• _Assignment_
Skip all lines in the entries below that come before the one containing "Zaino Retro in Tela | ZURIGO". Repeat that line and the rest exactly.

• _The records_
......

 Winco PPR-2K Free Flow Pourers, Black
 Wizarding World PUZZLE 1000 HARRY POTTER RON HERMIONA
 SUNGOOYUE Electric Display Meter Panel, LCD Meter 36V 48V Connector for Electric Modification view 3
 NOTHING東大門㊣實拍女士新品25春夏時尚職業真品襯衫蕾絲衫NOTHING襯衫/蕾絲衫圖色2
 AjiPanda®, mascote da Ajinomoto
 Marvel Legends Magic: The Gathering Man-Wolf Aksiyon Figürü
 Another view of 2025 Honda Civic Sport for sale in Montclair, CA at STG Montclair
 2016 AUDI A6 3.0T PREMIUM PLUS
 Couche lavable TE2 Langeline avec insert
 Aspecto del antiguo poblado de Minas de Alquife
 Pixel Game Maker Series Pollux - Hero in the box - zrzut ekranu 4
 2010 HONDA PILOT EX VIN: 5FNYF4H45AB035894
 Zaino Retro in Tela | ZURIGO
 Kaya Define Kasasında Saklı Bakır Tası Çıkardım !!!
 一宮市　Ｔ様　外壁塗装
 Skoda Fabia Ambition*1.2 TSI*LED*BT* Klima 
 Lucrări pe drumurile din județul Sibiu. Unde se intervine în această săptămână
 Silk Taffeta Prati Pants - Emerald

......

• _Answer to the problem_
 Zaino Retro in Tela | ZURIGO
 Kaya Define Kasasında Saklı Bakır Tası Çıkardım !!!
 一宮市　Ｔ様　外壁塗装
 Skoda Fabia Ambition*1.2 TSI*LED*BT* Klima 
 Lucrări pe drumurile din județul Sibiu. Unde se intervine în această săptămână
 Silk Taffeta Prati Pants - Emerald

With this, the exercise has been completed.